CHICAGO, Oct 9 (Reuters) - Illinois on Monday maintained a BBB-minus rating and stable outlook from S&P Global Ratings for the state’s upcoming $6 billion bond sale aimed at shrinking a huge unpaid bill backlog.
While the credit rating agency affirmed the lowest investment grade rating, it cautioned that the nation’s fifth-largest state still faces fiscal challenges that could push the rating into junk.
Bond proceeds will be used to pay off some of the nearly $16 billion of bills from vendors and service providers the state accrued during its unprecedented two-year budget impasse, which ended in July with the enactment of a fiscal 2018 spending plan.

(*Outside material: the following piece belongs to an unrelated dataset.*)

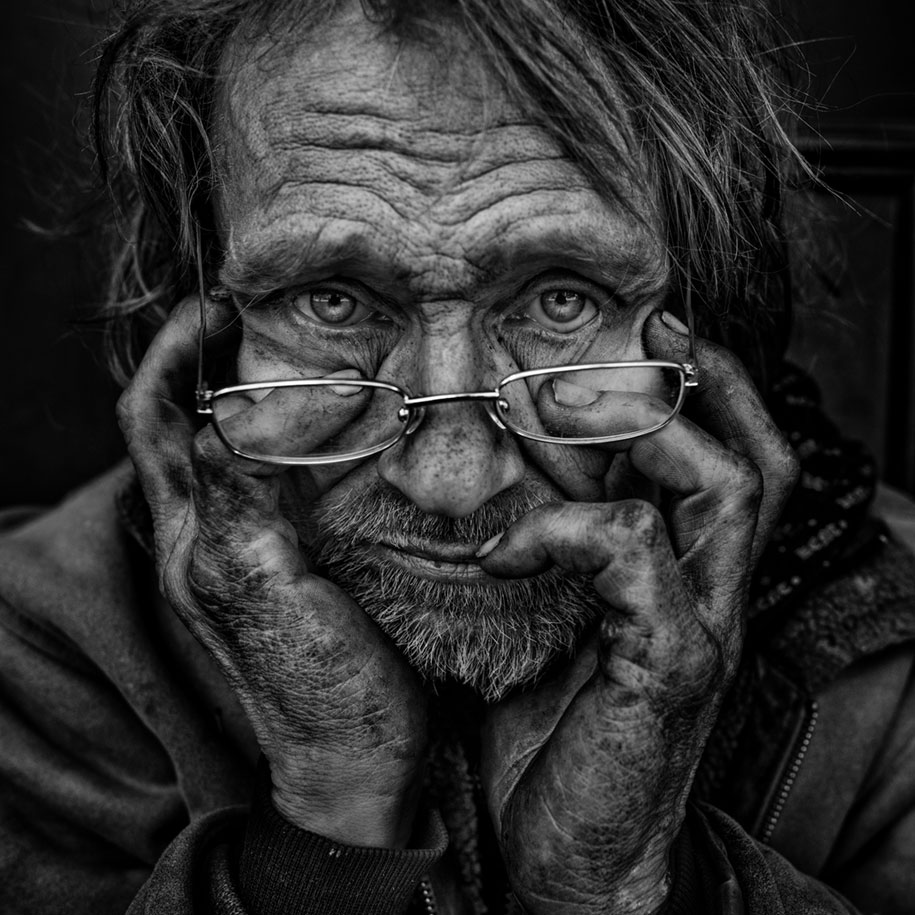 Lee jeffries, lee jeffries photography, amazing, homeless around the world, homeless people, homeless man photos, homeless peoples photos, man without home in america, omg, photographer, photography, portraits, photo series, london, viral, фото, aaron draper, self taught photographer, black & white photography, black & white portraits, street photography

S&P said while the new budget eased concerns over a liquidity crisis for the state and reduced the odds for a rating downgrade, it includes some “doubtful” savings and nonrecurring revenue.
“If the bonding plan is not paired with additional fiscal adjustments, the state could be left with a higher tax-supported debt burden and - once again - an escalating backlog of unpaid bills,” S&P said in a statement.
That in turn could undermine Illinois’ ability to deal with its $130 billion unfunded pension liability, it added.
The state will offer $1.5 billion of tax-exempt general obligation bonds for competitive bidding on Oct. 17 in three series maturing in 2018, 2019 and 2029. During the week of Oct. 23, a team of senior underwriting firms will price another $4.5 billion of GO bonds.
The Democratic-controlled state legislature’s enactment of a budget and an income tax rate increase over Republican Governor Bruce Rauner’s vetoes allowed Illinois, the lowest-rated U.S. state, to avoid downgrades to junk.
The new bonds will also be rated by Moody’s Investors Service and Fitch Ratings, according to the bond prospectus.